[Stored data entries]
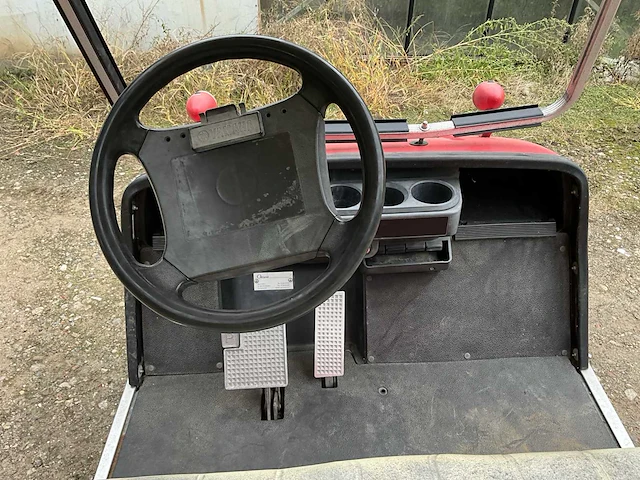 Golfkar (3x) 2005 yamaha g225; textron txtpds; rym pro - afbeelding 10 van  26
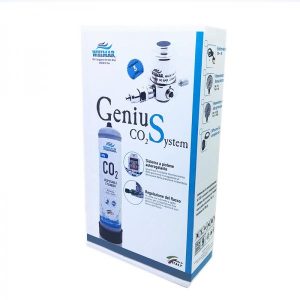 Whimar – Genius CO2 System 600gr versione Complete Plus con diffusore, manometri ed elettrovalvola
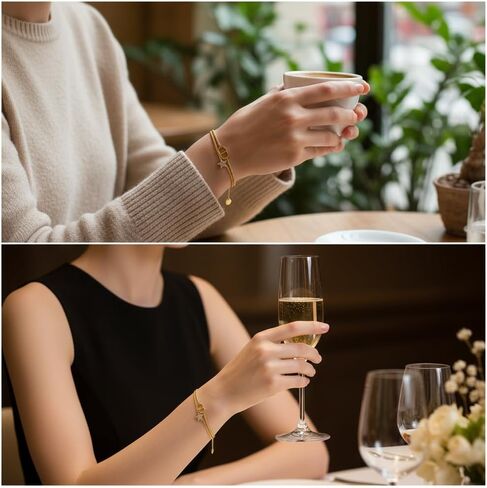 DorkTees Gold-Plated Chain Necklace with Crystal Star Pendant, Multi-Strand Design, Fashion Jewelry for Women in Kuwait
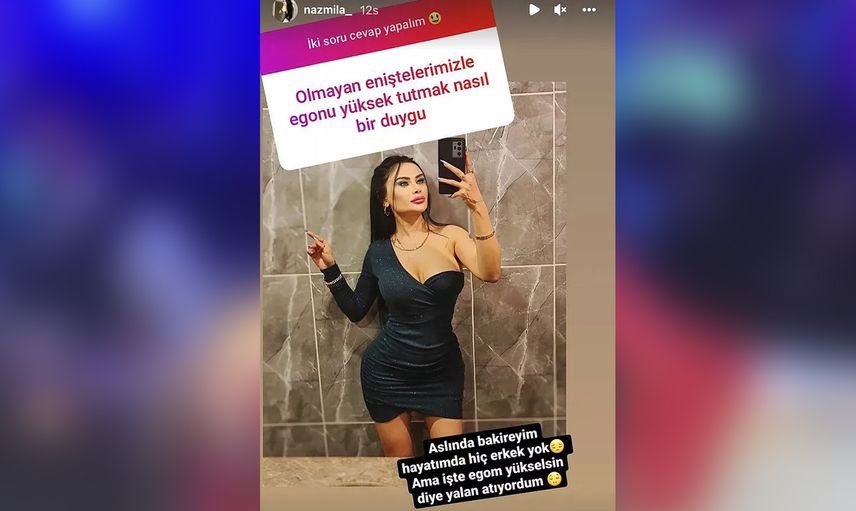 Gelin Adayı Naz Mila'nın olay yaratan bakirelik paylaşımı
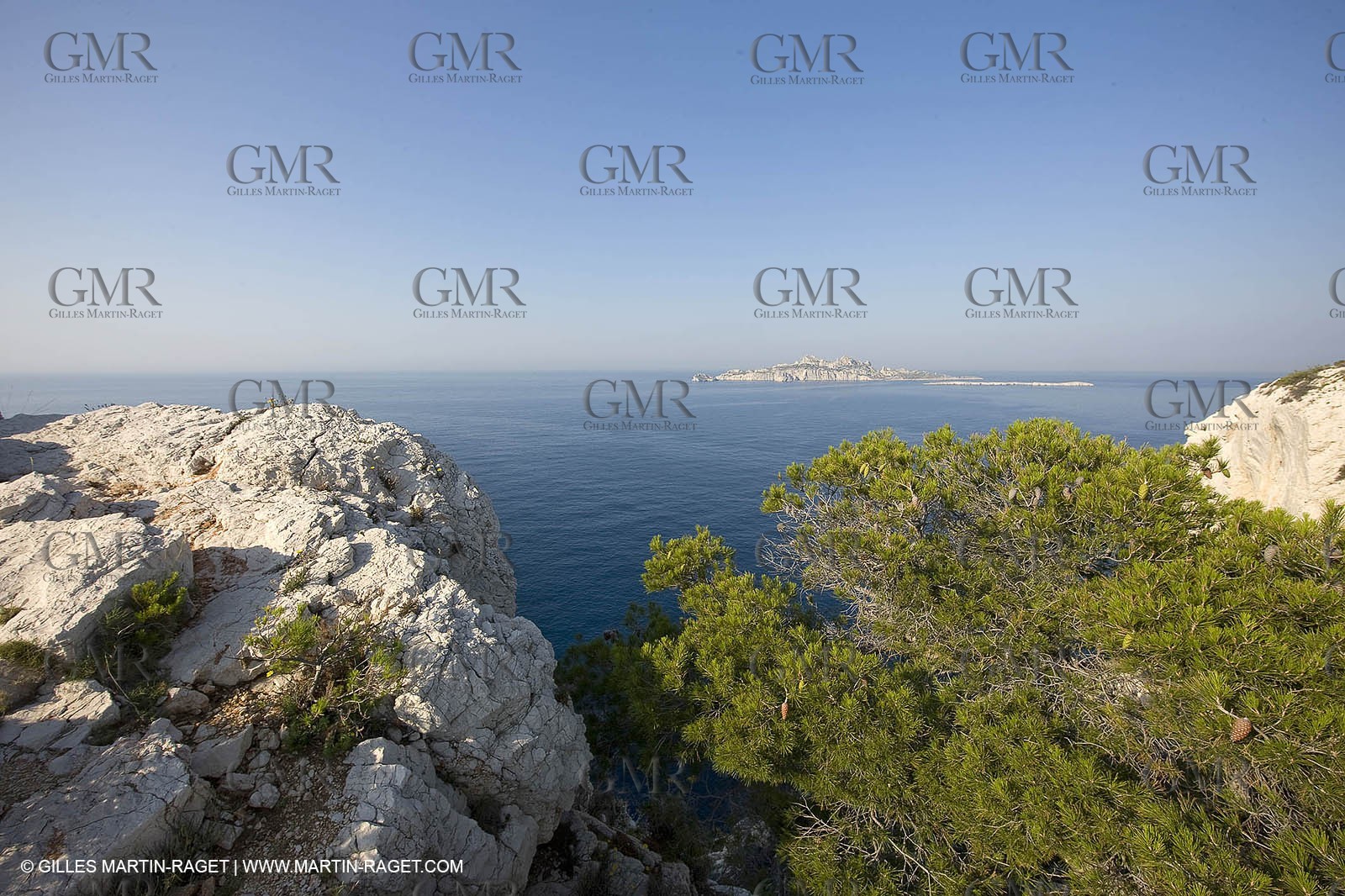 20 06 2008 - Marseille (FRA,13) - Croisière das les îles et les calanques - Sormiou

* [WORK TASK]: In your copy of the records above, include no pictures and match every line exactly.

* [REPLY]:
 Golfkar (3x) 2005 yamaha g225; textron txtpds; rym pro - afbeelding 10 van  26
 Whimar – Genius CO2 System 600gr versione Complete Plus con diffusore, manometri ed elettrovalvola
 DorkTees Gold-Plated Chain Necklace with Crystal Star Pendant, Multi-Strand Design, Fashion Jewelry for Women in Kuwait
 Gelin Adayı Naz Mila'nın olay yaratan bakirelik paylaşımı
 20 06 2008 - Marseille (FRA,13) - Croisière das les îles et les calanques - Sormiou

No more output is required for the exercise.